One slightly brute-force-y way is to write a full Markov chain with 120 states. Each state has a 99% chance of going to the next, and an 1% chance of going to the start (including the start itself), except for the final one, which has 100% chance of resetting to start. Then calculate the expected number of visits to the start state. The transition matrix is ergodic, so we have no problems calculating its highest-eigenvalue (1) eigenvector which gives the stationary distribution (fraction of time spent in each state), and you can invert the first value to find the visitaton frequency.
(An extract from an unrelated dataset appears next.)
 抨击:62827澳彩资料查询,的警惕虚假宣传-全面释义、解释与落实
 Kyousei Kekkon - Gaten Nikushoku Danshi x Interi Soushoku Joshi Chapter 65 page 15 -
Instead of creating a big matrix with 120 x 120 entries, most of them zero, you can do this same calculation with a bit of thinking. The stationary distribution must be such that each state has 99% times the previous state's fraction of time spent in it, except the first one which we'll call x. So you have 120 values, x + 0.99x + 0.99^(2)x + ... + 0.99^(119)x, adding up to 1. Factor to x(1 + 0.99 + 0.99^(2) + ... + 0.99^(119)) = 1, then use the formula for sums of geometric series to get x(1-0.99^(120))/(1-0.99) = 1, or 1/x = (1-0.99^(120))/(1-0.99) = approximately 70.06.
For time between visits, we're looking for 1/x, so we're done. The effective probability of getting a prize each step is just the probability of being in the first state each step x, or 1.43ish%. The time between visits of the last state (and therefore pity prizes/resets), then, is 1/(fraction of time spent there) = 1/(0.99^(119)x) = approx 231.68.